March
29
Posted on 29-03-2008
Filed Under (Church and State, Culture) by Albert Mcllhenny

On the surface, the forces behind the spread of secularism and Islam would appear to have little in common. Secularism is essentially a movement against a place for religious belief in public life, while Islam holds the complete subservience of the public sphere to Islam through the imposition of Sharia law. But, as Richarad Bastein points out in an article at Mercator.net, things may not always be as they seem. Just as similarities were notable between the seemingly opposed forces of Nazism and Marxism, so links can also be seen between Islam and secularism.
First and foremost, as Bastein emphasizes, is the complete separation of religious belief and reason. As Christianity came into contact with the philosophical reasoning of Greco-Roman culture, there was bound to be conflict as some in the fledgling Church would see wisdom outside of the Christian revelation as a “pagan influence”, some would make the new faith subservient to reason, and others would seek to harmonize the nartural truth found within classical philosophy with the supernatural revelation found within the Holy Scriptures. The Church would come to reject the first two approaches as she saw that all truth was of God and throughout the patristic period the use of philosophy aided in bringing clarity to the ideas contained within Christian dogma.

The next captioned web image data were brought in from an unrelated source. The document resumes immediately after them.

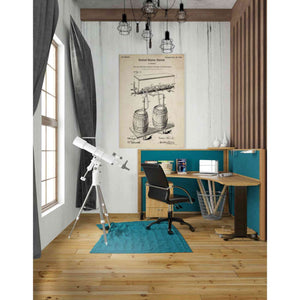 'Beer Barrel Vintage Patent Blueprint' Canvas Wall Art,26 x 40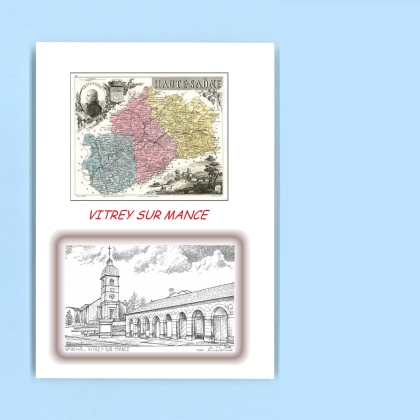 Cartes Postales impression Noir avec dpartement sur la ville de VITREY SUR MANCE Titre : vue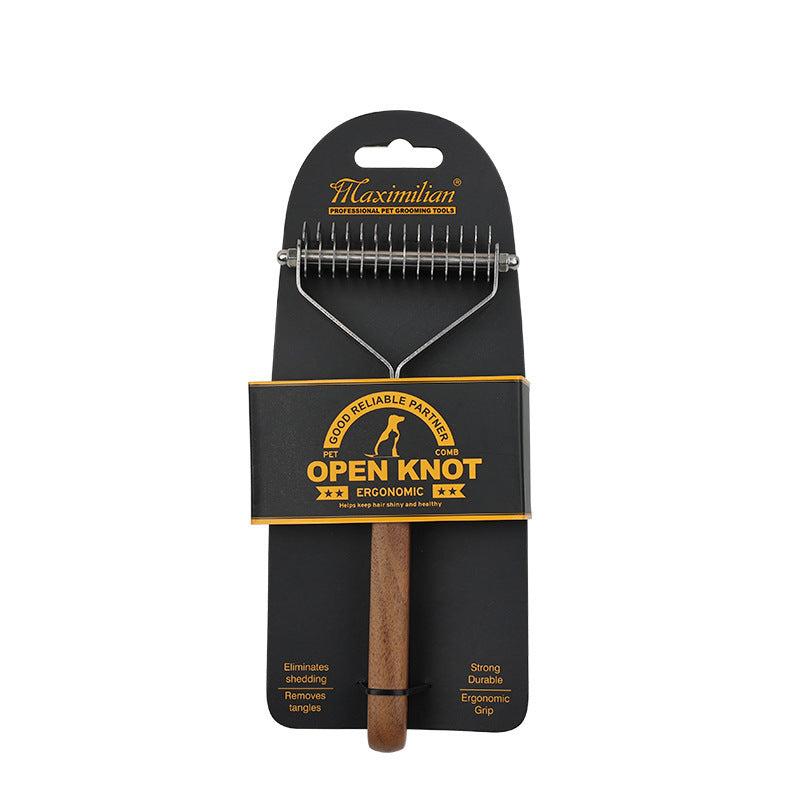 Walnut Wood Pet Comb for Detangling, Single or Double Sided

When the forces of Islam conquered much of the Christian East, they too came struggled with the existence of ideas outside their religious system and there were many Islamic scholars in the middle ages who hovered on the border of Islam and classical philosophy. But, as the centuries wore on, the sway of competing ideas outside the Islamic tradition became noticably weaker. Islamic culture was greatly enriched by its contact with the rich cultures of its conquered lands in Persia, Byzantium, and India and the internalization of these influences would lead to the flowering of Islamic culture. However, as varying forces swept through Islam brought on by the rise of differing regimes, there would be increasing hostility to ideas that could be considered to constitute an independant influence not specifically subservient to the goals of Islam. Islamic culture would eventually ossify and its role as the worlds’ great power overcome by the rise of the Christian West.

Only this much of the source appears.